- **Given material**

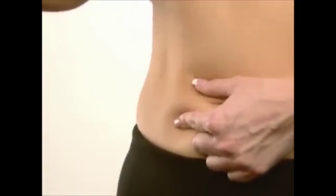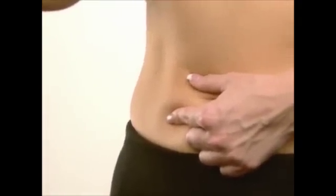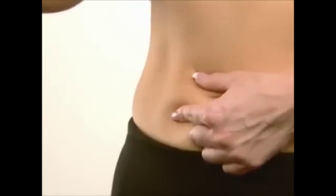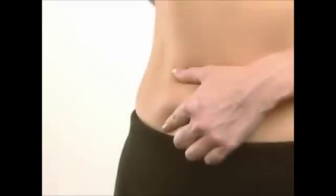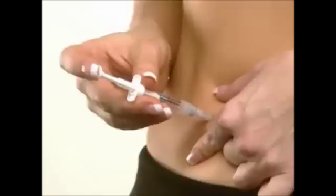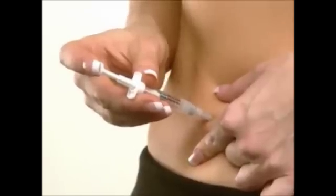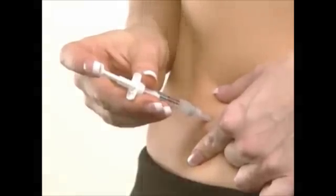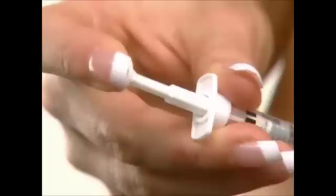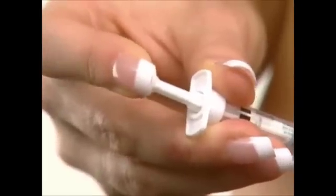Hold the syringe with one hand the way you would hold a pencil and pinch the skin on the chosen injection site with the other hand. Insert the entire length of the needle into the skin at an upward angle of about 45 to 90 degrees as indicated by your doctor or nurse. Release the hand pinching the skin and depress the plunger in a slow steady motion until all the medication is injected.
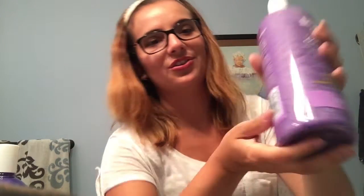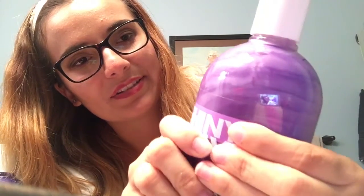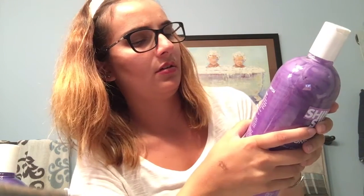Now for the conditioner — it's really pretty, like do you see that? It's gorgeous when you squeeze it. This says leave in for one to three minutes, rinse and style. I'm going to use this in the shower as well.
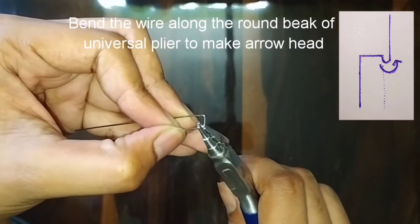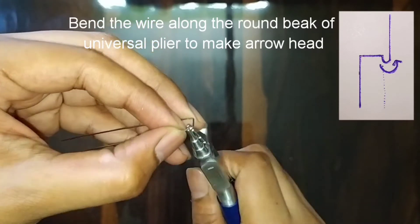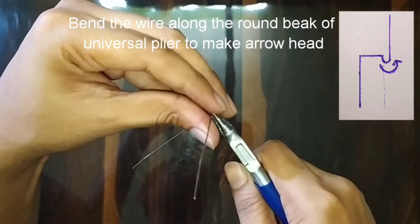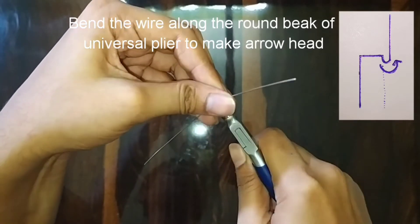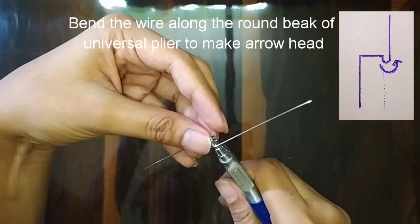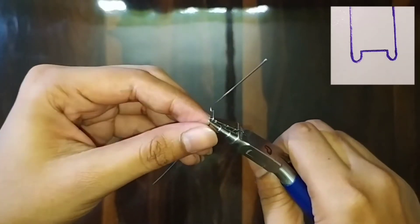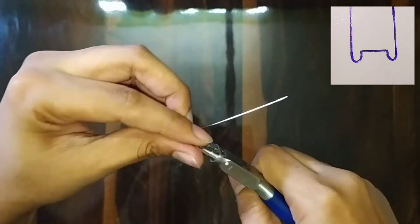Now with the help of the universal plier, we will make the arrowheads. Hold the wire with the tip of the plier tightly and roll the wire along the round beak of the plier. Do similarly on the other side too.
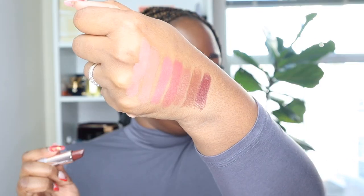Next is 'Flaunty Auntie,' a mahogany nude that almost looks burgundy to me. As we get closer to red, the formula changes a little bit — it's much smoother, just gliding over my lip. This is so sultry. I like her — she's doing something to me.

- **Work required**
Give again exactly the lines from the one that contains "Now for the" through the end of the material, both ends included, omitting the pictures.

- **Solved problem**
Now for the conditioner — it's really pretty, like do you see that? It's gorgeous when you squeeze it. This says leave in for one to three minutes, rinse and style. I'm going to use this in the shower as well.
Now with the help of the universal plier, we will make the arrowheads. Hold the wire with the tip of the plier tightly and roll the wire along the round beak of the plier. Do similarly on the other side too.
Next is 'Flaunty Auntie,' a mahogany nude that almost looks burgundy to me. As we get closer to red, the formula changes a little bit — it's much smoother, just gliding over my lip. This is so sultry. I like her — she's doing something to me.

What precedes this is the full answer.